Help for package rsamplr

Title:

Sampling Algorithms and Spatially Balanced Sampling

Version:

0.1.1

Description:

Fast tools for unequal probability sampling in multi-dimensional spaces, implemented in Rust for high performance. The package offers a wide range of methods, including Sampford (Sampford, 1967, <doi:10.1093/biomet/54.3-4.499>) and correlated Poisson sampling (Bondesson and Thorburn, 2008, <doi:10.1111/j.1467-9469.2008.00596.x>), pivotal sampling (Deville and Tillé, 1998, <doi:10.1093/biomet/91.4.893>), and balanced sampling such as the cube method (Deville and Tillé, 2004, <doi:10.1093/biomet/91.4.893>) to ensure auxiliary totals are respected. Spatially balanced approaches, including the local pivotal method (Grafström et al., 2012, <doi:10.1111/j.1541-0420.2011.01699.x>), spatially correlated Poisson sampling (Grafström, 2012, <doi:10.1016/j.jspi.2011.07.003>), and locally correlated Poisson sampling (Prentius, 2024, <doi:10.1002/env.2832>), provide efficient designs when the target variable is linked to auxiliary information.

URL:

https://www.envisim.se/, https://github.com/envisim/rust-samplr/

BugReports:

https://github.com/envisim/rust-samplr/issues

License:

AGPL-3

Encoding:

UTF-8

Language:

en-GB

Depends:

R (≥ 4.2)

RoxygenNote:

7.3.2

SystemRequirements:

Cargo (Rust's package manager), rustc >= 1.75.0

NeedsCompilation:

yes

Packaged:

2025-09-09 07:31:24 UTC; wpmg

Author:

Wilmer Prentius

[aut, cre], Anton Grafström

[ctb], Authors of the dependent Rust crates [aut] (see inst/AUTHORS file)

Maintainer:

Wilmer Prentius <wilmer.prentius@slu.se>

Repository:

CRAN

Date/Publication:

2025-09-11 09:20:02 UTC

rsamplr: Sampling Algorithms and Spatially Balanced Sampling

Description

Select probability samples in multi-dimensional spaces with any prescribed inclusion probabilities using fast rust implementations.

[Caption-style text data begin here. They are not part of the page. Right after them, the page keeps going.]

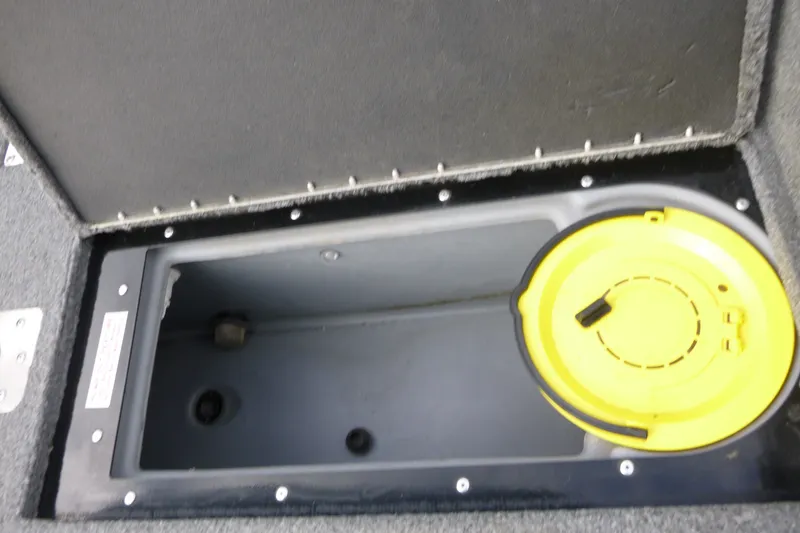 Slide: The Image of 2023 Tracker Targa V-19 Combo storage compartment with yellow lid. - 16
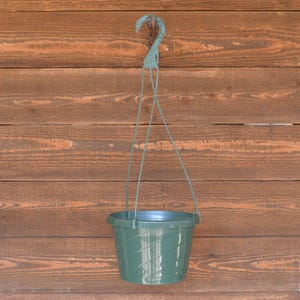 May include: A green hanging plant pot with a decorative swirl pattern. The pot is suspended by a green plastic hanger with a hook. The background is a wooden wall.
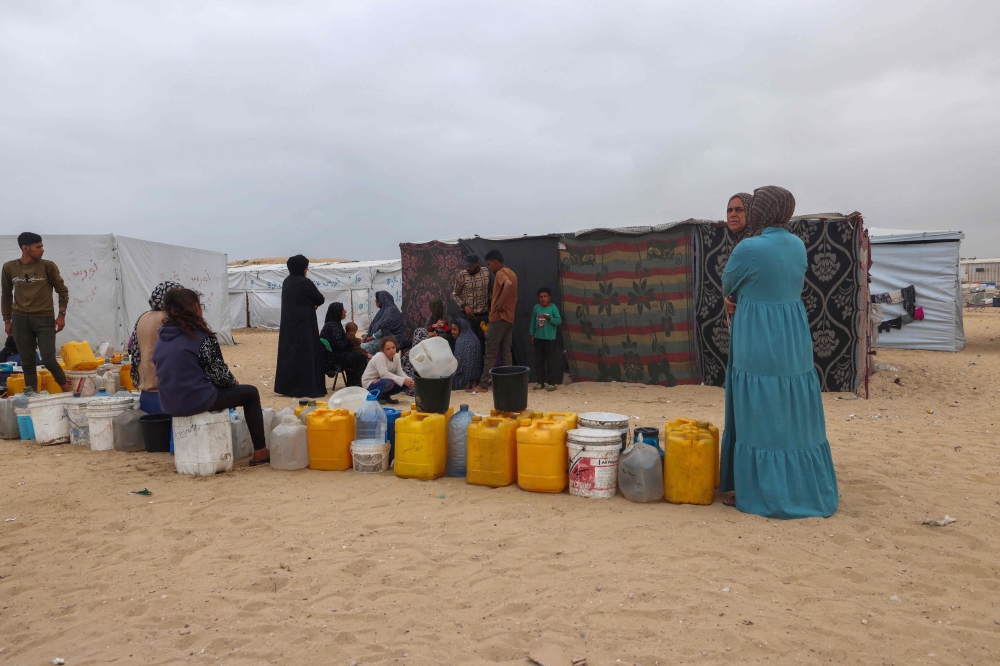 Displaced Palestinians wait by containers for water supply at their tent camp in Rafah in the southern Gaza Strip on April 26, 2024. Photo by MOHAMMED ABED / AFP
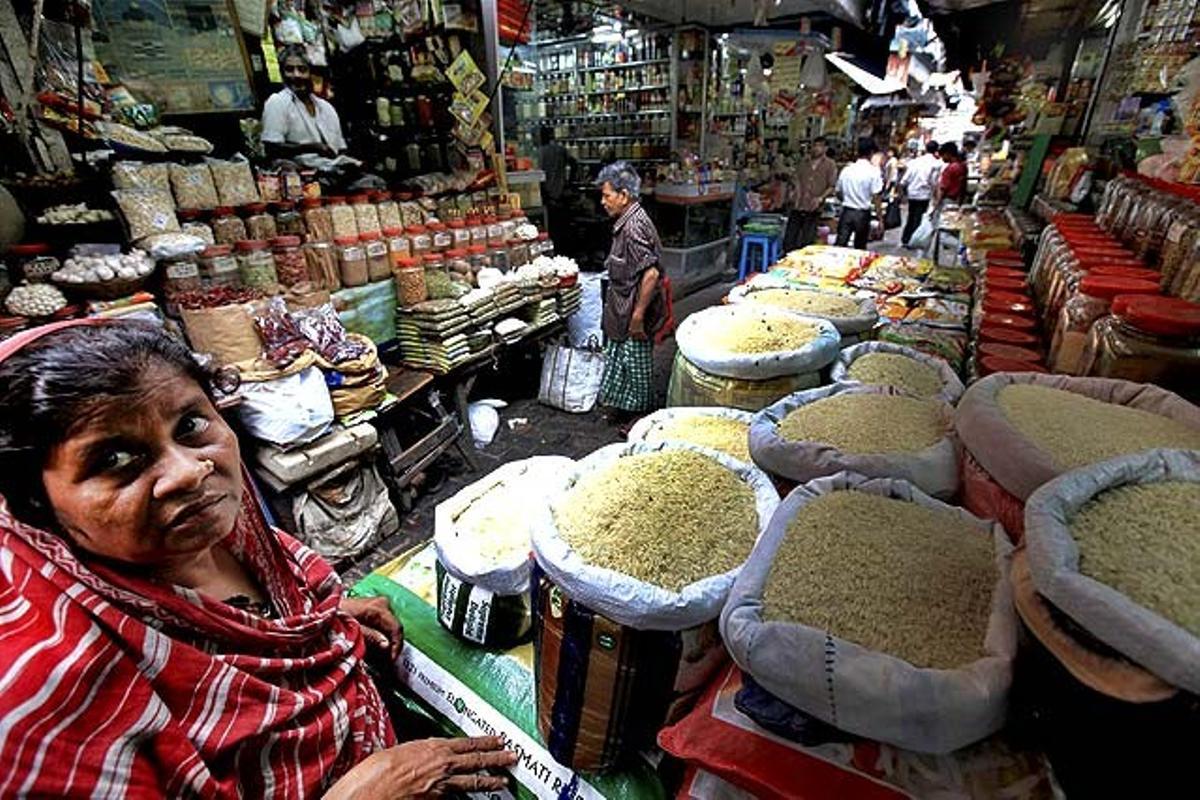 Una dona espera davant una parada d’un mercat de la ciutat de Calcuta, a l’est de l’Índia.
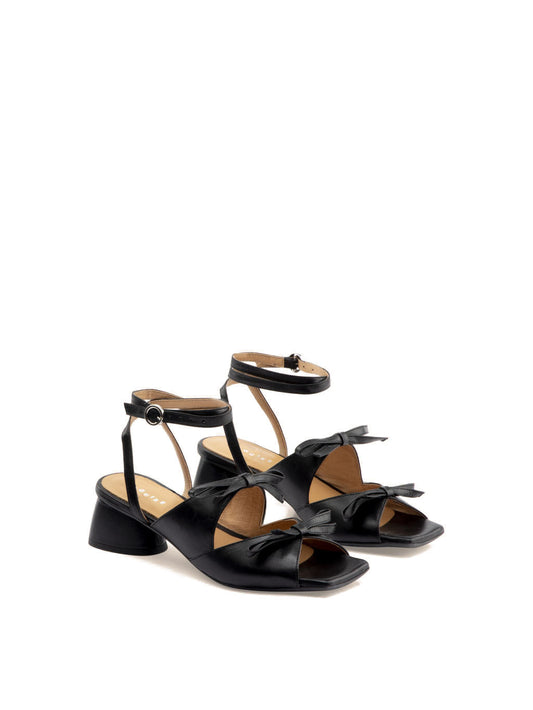 Mira black leather square-toe heel with ankle strap, showing two bows on front.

You can access the project website at https://envisim.se.

Author(s)

Wilmer Prentius wilmer.prentius@gmail.com, Anton Grafström.

References

Benedetti, R., Piersimoni, F., & Postiglione, P. (2017). Spatially balanced sampling: a review and a reappraisal. International Statistical Review, 85(3), 439-454.

Friedman, J. H., Bentley, J. L., & Finkel, R. A. (1977). An algorithm for finding best matches in logarithmic expected time. ACM Transactions on Mathematical Software (TOMS), 3(3), 209-226.

Maneewongvatana, S., & Mount, D. M. (1999). It’s okay to be skinny, if your friends are fat. In Center for geometric computing 4th annual workshop on computational geometry (Vol. 2, pp. 1-8).

Särndal, C. E., Swensson, B., & Wretman, J. (2003). Model assisted survey sampling. Springer Science & Business Media.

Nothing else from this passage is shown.